1. Male aged 18 years or older.

2. Histological, pathological, and/or cytological confirmation of adenocarcinoma of the prostate.

3. Ineligible or averse to chemotherapeutic treatment options.

4. Patients must have progressive mCRPC at the time of consent based on at least 1 of the following criteria:

a. Serum/plasma PSA progression defined as increase in PSA greater than 25% and >2 ng/mL above nadir, confirmed by progression at 2 time points at least 3 weeks apart.

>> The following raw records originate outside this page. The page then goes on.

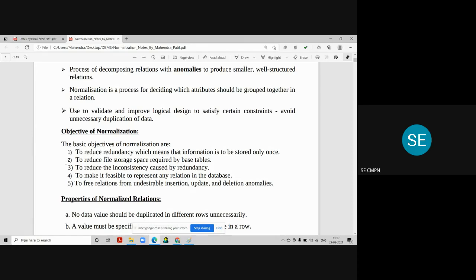The next objective of normalization is to make it feasible to represent any relation in the database — small, precise, with no redundant data. The last objective is to free relations from undesirable insertion, updation, and deletion anomalies. Anomalies mean problems created by inserting, updating, and deleting records. You should be able to easily insert, delete, or update a table at any moment. Only then can we say it is a normalized table, with all operations easily performed.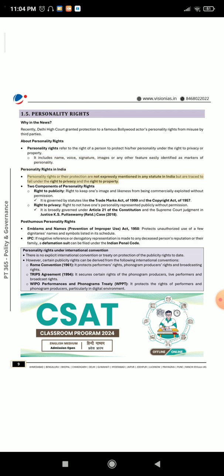Personality rights in India: Personality rights or their protection are not expressly mentioned in any statute in India but are traced to fall under the right to privacy and the right to property. Two components of personality rights: Right to publicity — the right to keep one's image and likeness from being commercially exploited without permission; it is governed by statutes like the Trademarks Act of 1999 and the Copyright Act of 1957. Right to privacy — the right to not have one's personality represented publicly without permission; it is broadly governed under Article 21 of the Constitution and the Supreme Court Judgment in Justice K.S. Puttaswamy (Retd.) Case, 2018.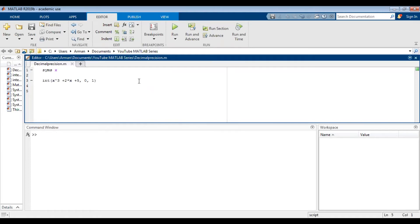Hey guys, this is a video in my MATLAB tutorial series. In this video I'm going to show you how you can get decimal answers if MATLAB returns a fraction answer using the VPA or the double command. Furthermore, I'm also going to discuss decimal precision on MATLAB using the format option. I'm going to explain how to get MATLAB to return answers in both scientific and engineering notation.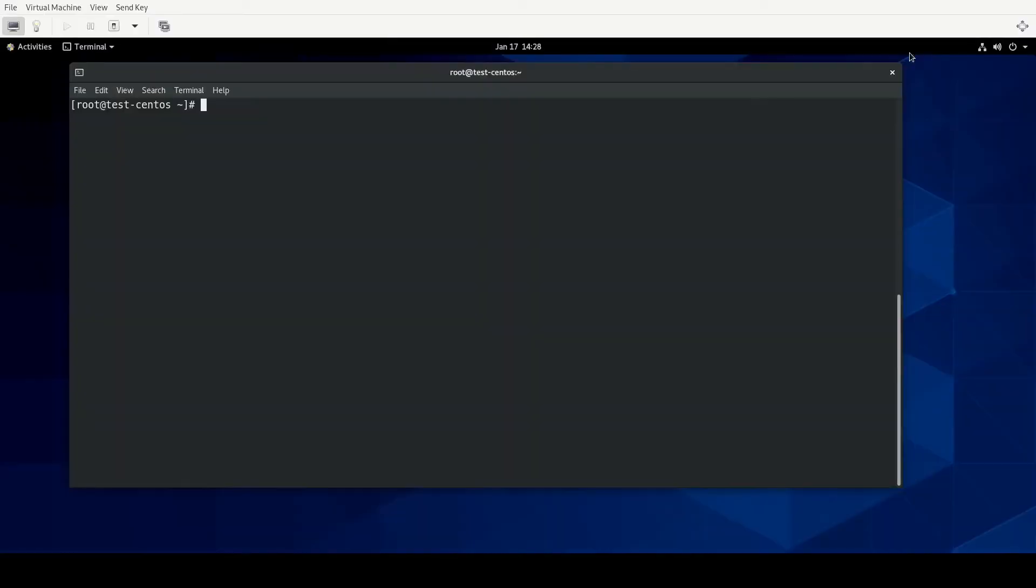So I've already logged in here as root on my CentOS system, and I've also installed the Apache web server, because that's what we'll be using with our example in this particular video. I do want to talk about process scheduling just a bit, and before I really get into it, I do want to say of the various objectives of this exam,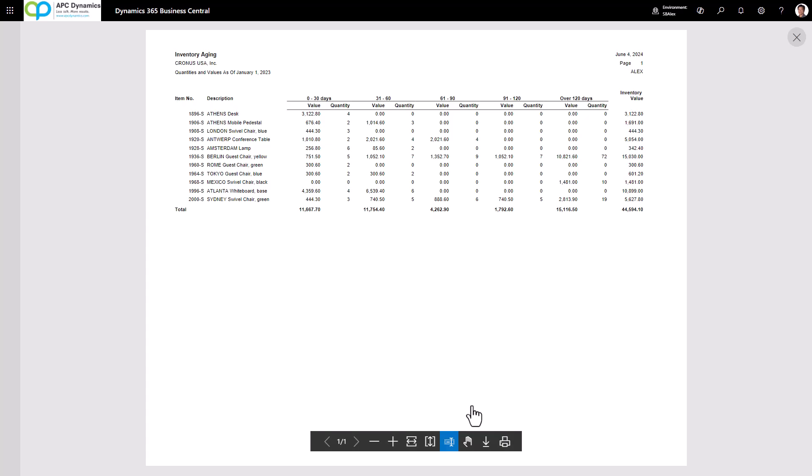what this process does is it will go back and figure out your aging on January 1st, 2023.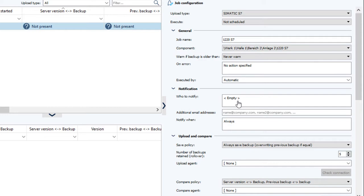There it is. Now you have to configure it for each job, but if you don't want notifications for a particular job, just leave Who to Notify as the default, empty. Then no emails will be sent for that job.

b. Soft-tissue progression defined as an increase ≥20% in the sum of the diameter (SOD) (short axis for nodal lesions and long axis for non-nodal lesions) of all target lesions based on the smallest SOD since treatment started or the appearance of one or a new lesion.

c. Progression of bone disease: evaluable disease or one new bone lesion by bone scan

5. Previous treatment with one ARAT (abiraterone or enzalutamide or darolutamide or apalutamide) in either the CSPC or CRPC setting.

6. PSMA-PET scan (i.e., 68Ga-PSMA-11 or 18F-DCFPyL) positive as determined by the sponsor's central reader.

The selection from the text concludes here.